Submitted to: Agronomy Abstracts
Publication Type: Abstract Only
Publication Acceptance Date: 8/1/2008
Publication Date: 10/1/2008
Citation: Abdu, H., Robinson, D., Seyfried, M.S., Jones, S. 2008. Using Geophysical Images of a Watershed Subsurface to Predict Soil Textural Properties. Agronomy Abstracts, 661-3, Joint Annual Meeting of ASA-CSSA-SSSA, and GCAGS, Houston, Texas, October 2008. Interpretive Summary:
Technical Abstract: Subsurface architecture, in particular changes in soil type across the landscape, is an important control on the hydrological and ecological function of a watershed. Traditional methods of mapping soils involving subjective assignment of soil boundaries are inadequate for studies requiring a quantitative assessment of the landscape and its subsurface connectivity and storage capacity.
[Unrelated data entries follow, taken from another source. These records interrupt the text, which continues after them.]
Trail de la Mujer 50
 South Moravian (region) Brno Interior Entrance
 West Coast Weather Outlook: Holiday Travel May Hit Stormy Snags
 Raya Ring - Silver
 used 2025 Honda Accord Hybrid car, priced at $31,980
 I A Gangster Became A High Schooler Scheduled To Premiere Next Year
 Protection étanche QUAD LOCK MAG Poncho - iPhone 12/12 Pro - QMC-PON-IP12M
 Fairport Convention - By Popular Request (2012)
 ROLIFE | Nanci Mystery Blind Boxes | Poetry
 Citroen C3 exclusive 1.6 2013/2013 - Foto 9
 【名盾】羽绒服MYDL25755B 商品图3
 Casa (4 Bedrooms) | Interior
Geophysical methods such as electromagnetic induction (EMI) provide the possibility of obtaining high resolution images across a landscape to identify subtle changes in subsurface architecture. In this work we show how EMI can be used to image the subsurface of a ~38 ha watershed at the Reynolds Creek Experimental Watershed near Boise,Idaho. We also collected soil samples for textural and water content analysis. We present an imaging approach using kriging to interpolate, and Sequential Gaussian Simulation (SGSIM) to estimate the uncertainty in the maps. We then use the EMI maps as exhaustive secondary information in order to predict clay percentage and water content at unsampled locations using different multi-variable kriging methods. Using cross-validation techniques, we compare the accuracy of kriging methods such as ordinary kriging, regression kriging, and ordinary co-kriging in predicting the property of interest. Such spatially-detailed soil property maps can be useful in studying the discrepancy between measured hydrographs and model predictions, where average values used for soil moisture and soil hydraulic parameters can lead to large deviations. Accounting for the spatial variability of hydraulic properties is important in understanding runoff production, and the role of organizational patterns of soil moisture on catchment runoff.